L’infirmier ayant été mis en cause le matin même dans son travail me prend à témoin en disant « regarde elle nous test ». Il lui a ensuite exprimé son désaccord dans sa manière de faire » ;
-l’attestation du 18 février 2015 de Monsieur [U] [C], Responsable RH Régional, qui rapporte :
« Dès la connaissance de l’absence de Mr [KU] pour cause de maladie, au mois d’août 2012, une présence régulière des membres de la direction régionale a été organisée sur l’établissement MISTRAL.
Il s’agissait notamment de M. [SU], Directeur Régional, [N] [VJ], Responsable qualité, et moi-même, Responsable RH.
Le but de ces visites était d’accompagner les chefs de service dans leur quotidien, et d’instaurer ou de maintenir le dialogue avec l’ensemble des collaborateurs du site. Le rythme de ces visites était au minimum d’une fois par semaine.
Si nous répondions aux attentes, aux questions des salariés, Mme [J] ne s’est à aucun moment plainte d’un quelconque dysfonctionnement ou d’un état de souffrance.
Mme [MA] Directrice de l’établissement VILLA EYRAS assurait par ailleurs l’intérim de Direction sur MISTRAL pendant cette période afin d’assurer la continuité du service et d’assurer une présence opérationnelle et décisionnelle encore plus régulière.
[R] à ses interventions régulières, nous avons pu rassurer les équipes et garantir un climat social serein au sein de la structure, malgré l’absence de Directeur » ;
-l’attestation du 13 mars 2015 de Madame [G] [AT], Responsable Ressources Humaines Régional, qui déclare :
« Je suis salariée du Groupe Korian depuis mars 2011, en tant que que RRH Régional.
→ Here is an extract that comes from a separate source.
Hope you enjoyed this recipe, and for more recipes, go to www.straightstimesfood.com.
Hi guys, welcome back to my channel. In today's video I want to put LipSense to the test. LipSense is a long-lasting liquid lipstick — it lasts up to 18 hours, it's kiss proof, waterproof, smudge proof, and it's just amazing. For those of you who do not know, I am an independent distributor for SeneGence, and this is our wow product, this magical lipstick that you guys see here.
J’étais, de mars 2011 à décembre 2012, RRH sur la région Sud, dont fait partie l’établissement Korian Mistral à [Localité 2].
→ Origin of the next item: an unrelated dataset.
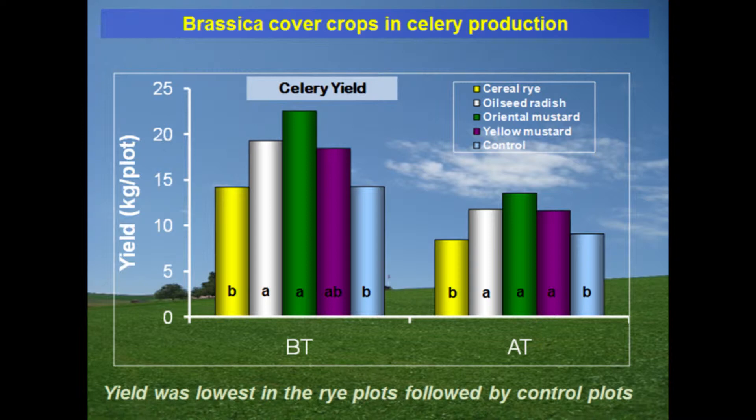This data is from a celery study we conducted over about four years — that is why you see a stacking effect. We compared cereal rye, oilseed radish, oriental mustard, yellow mustard, and a control with no cover crops. You can clearly see that the brassica cover crops — oilseed radish, oriental mustard, and yellow mustard — outperformed the cereal rye and the control. Brassicas really worked well in a celery production system. These were muck soils with high organic matter. Brassicas may behave slightly differently in mineral soils, but the trend is generally the same.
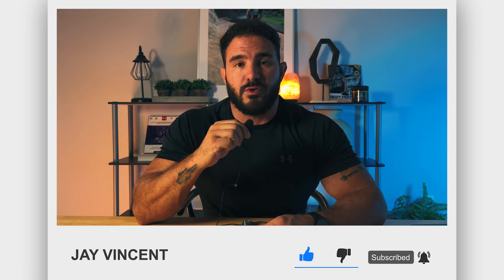Don't forget to hit the like, subscribe, and bell notification icon so you can be notified when I drop more science-based training videos. See you next time guys.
Ayant constaté à cette période que nous ne répondions pas aux obligations réglementaires quant à l’installation de vestiaires, nous avons étudié toutes les solutions de réaménagement possibles sur l’établissement.
La seule solution trouvée pour satisfaire à nos obligations légales a été de récupérer le grand bureau occupé par Mme [J] pour le réaménager en vestiaires.
Mme [J] s’est vu attribuer un bureau partagé avec un autre membre de l’équipe de direction, présent comme Mme [J] à temps partiel.
Cette solution de partage des bureaux est largement appliquée au sein des établissements afin de satisfaire aux obligations légales en matière de bureaux dédiés aux IRP, vestiaires, etc. » ;
-l’attestation du 26 février 2015 de Madame [Z] [K], aide-soignante, qui témoigne :
« Les faits que j’ai constatés, c’est le manque de présence de Melle [KC] la psychologue quand on avez besoin de parler de l’état et des comportements de certains de nos résidents, nous n’avions aucun retour.
Elle venez à l’heure qu’elle voulait et quand elle voulait, même si les horaires étaient affichés sur la porte de son bureau, et quand elle était là, c’est auprès de certains résidents dont elle faisait la sortie (restaurants, plage, ciné) qu’elle passé son temps, et cela a était très difficile pour nous parce que les personnes âgées qui étaient en souffrance n’ont pas pu avoir son aide.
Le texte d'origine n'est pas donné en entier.